Hintergrund – Weitere Informationen
Grundsätzlich ist Oxidation von Brennstäben ein normaler Prozess. Die Brennstäbe (gebündelt in Brennelementen) werden im Reaktorkern mit boriertem Wasser gekühlt. Durch die Strahlung im Reaktorkern werden die Wassermoleküle des Kühlmittels in Sauerstoff und Wasserstoff aufgespalten (Radiolyse). Der Sauerstoff kann dabei im Reaktorbetrieb mit der heißen Metalloberfläche des Brennstabhüllrohres reagieren. Dort bildet sich dann eine leichte Oxidschicht aus. Dies ist ein normaler Prozess und im Prinzip nicht bedenklich.
Die Schichtdicke darf aber ein bestimmtes Maß nicht überschreiten, da dann das etwa 0,7 Millimeter (= 700 Mikrometer) dicke Hüllrohr der Brennstäbe unzulässig geschwächt wird und die Wärmeabgabe an das Kühlmittel verschlechtert wird.
Im Zuge der Jahresrevision waren bei eine stärkere Oxidbildung an Brennstäben aufgefallen. Dabei handelte es sich ausschließlich um Brennstabhüllrohre aus dem Material M5, wobei allerdings nicht jeder M5-Brennstab betroffen war. Insgesamt wurden 92 M5-Brennelemente – und dabei 5.405 Brennstäbe – vermessen. Davon wiesen 464 Brennstäbe einen erhöhten Oxidbefund unterhalb des Grenzwertes auf.

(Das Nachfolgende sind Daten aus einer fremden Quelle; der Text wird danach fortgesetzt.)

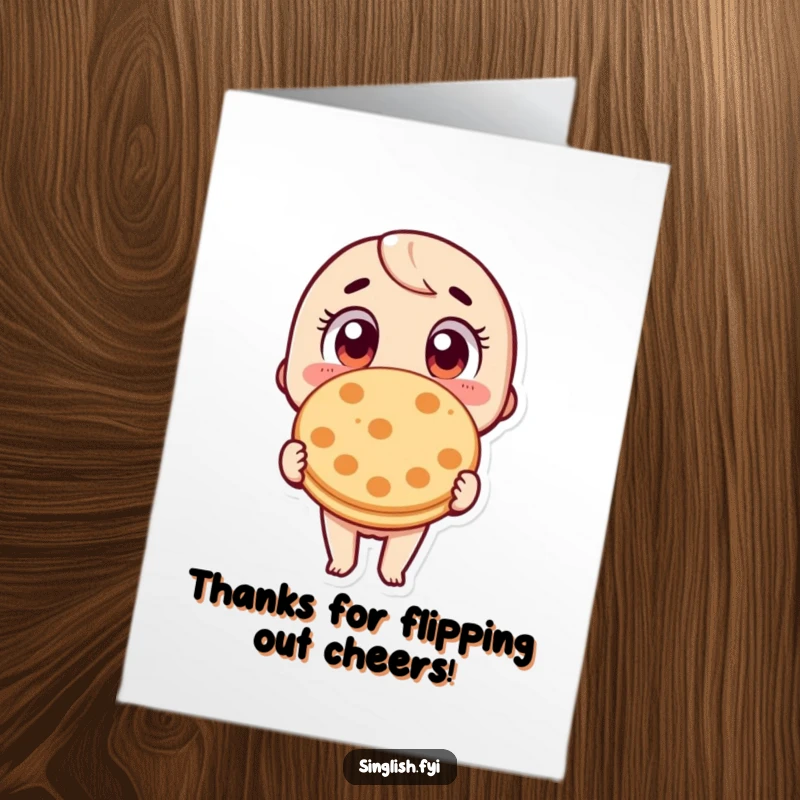 Funny Free Printable Thank You Card: A character with wide eyes holds a single roti prata in awe. Hilarious downloadable gratitude art.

In 3 Brennelementen an 10 Brennstäben wurden Oxidschichtdicken größer als 100 Mikrometer gemessen. Damit war hier der Grenzwert erstmals überschritten.

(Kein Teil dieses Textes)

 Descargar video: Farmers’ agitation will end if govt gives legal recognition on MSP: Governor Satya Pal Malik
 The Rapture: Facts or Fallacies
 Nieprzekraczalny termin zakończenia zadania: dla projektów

Das Kernkraftwerk Brokdorf ist eines von drei Kernkraftwerken in Schleswig-Holstein. Während die Kernkraftwerke Krümmel und Brunsbüttel in Folge des Atomausstiegs keine Berechtigung zum Leistungsbetrieb mehr haben, darf Brokdorf laut Gesetz noch bis längstens Ende 2021 Strom produzieren. Medien-Information vom 17. Juli 2017 zum Herunterladen (PDF 182KB, Datei ist nicht barrierefrei)
Dokumentation (abgefragt 19.7.2017) von der Homepage der Kieler Energie- und Atombehörde:
Fragen und Antworten zum Stillstand des Kernkraftwerks Brokdorf 2017 (Überhöhte Oxidschichtdicken an Brennstäben)
Im Kernkraftwerk Brokdorf sind im Februar Oxidschichten an Brennstäben festgestellt worden, die dicker waren, schneller und an anderen Stellen auftraten als erwartet. An einigen Brennstäben wurden die Grenzwerte deutlich überschritten. Seitdem ist das Kernkraftwerk nicht am Netz. Nach intensiven Untersuchungen ist klar: Neben dem Hüllrohrmaterial sind die hohen Leistungsanforderungen an den Reaktor verantwortlich. Um wieder Strom produzieren zu dürfe, muss Brokdorf nun die Leistung und den Lastfolgewechsel reduzieren.